▶ [Try it]:
For the listing below, return the line containing "Imagem 13 –", the line containing "Prøv denne ekstra", and all lines in between, exactly as written and nothing else.

▶ [Task input]:
Start of Block
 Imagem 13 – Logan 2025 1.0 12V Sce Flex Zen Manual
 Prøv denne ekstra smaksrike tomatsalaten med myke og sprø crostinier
End of Block
Start of Block
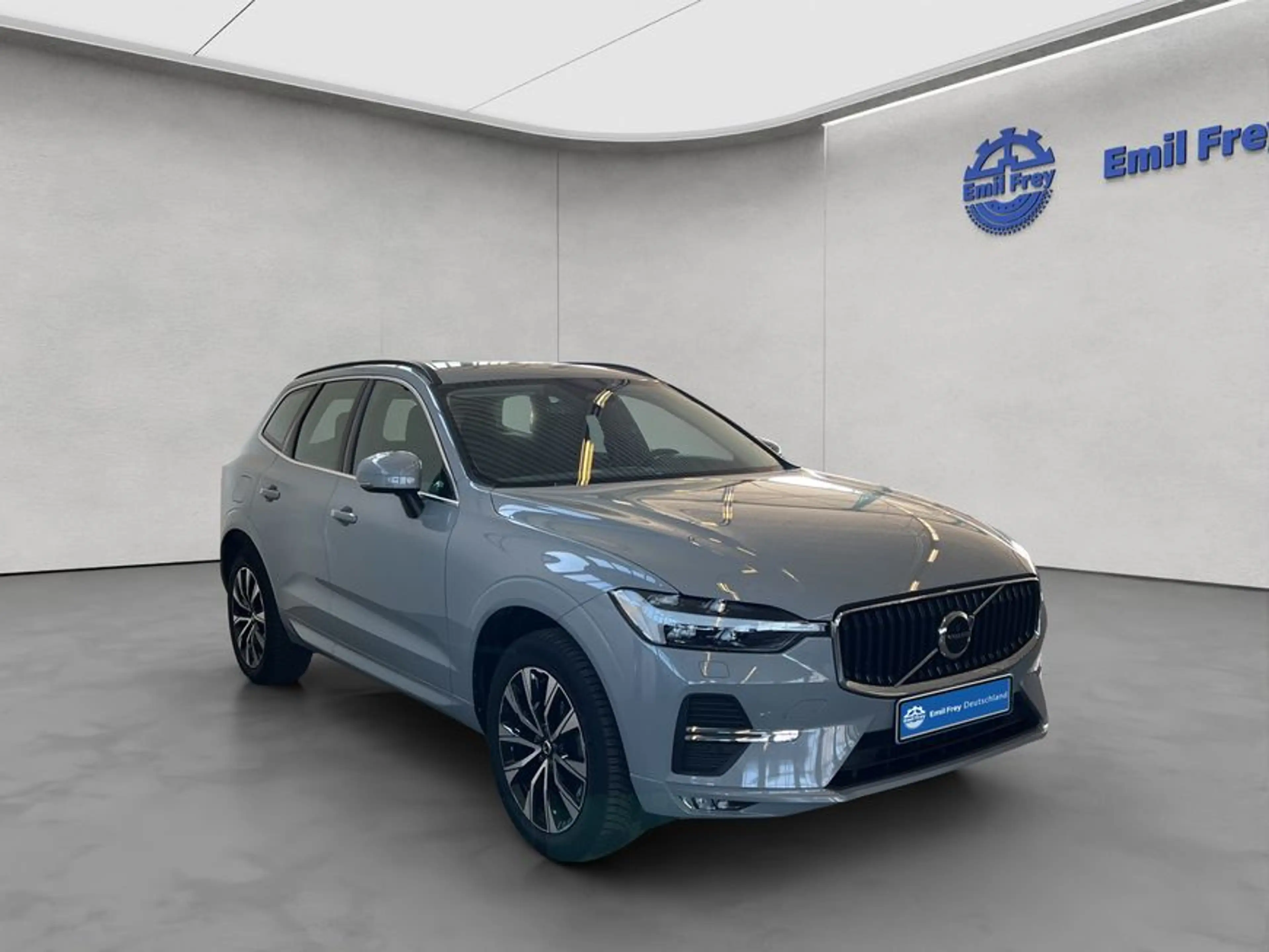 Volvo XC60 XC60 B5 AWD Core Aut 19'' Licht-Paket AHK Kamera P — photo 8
End of Block
Start of Block
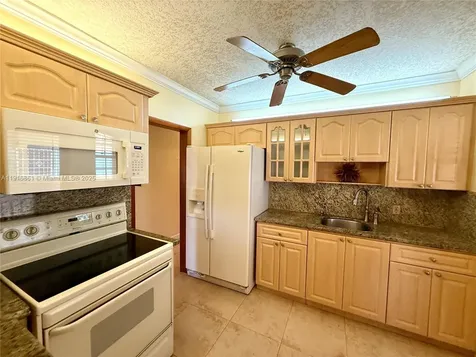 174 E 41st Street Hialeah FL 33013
End of Block
▶ [The completed task]:
 Imagem 13 – Logan 2025 1.0 12V Sce Flex Zen Manual
 Prøv denne ekstra smaksrike tomatsalaten med myke og sprø crostinier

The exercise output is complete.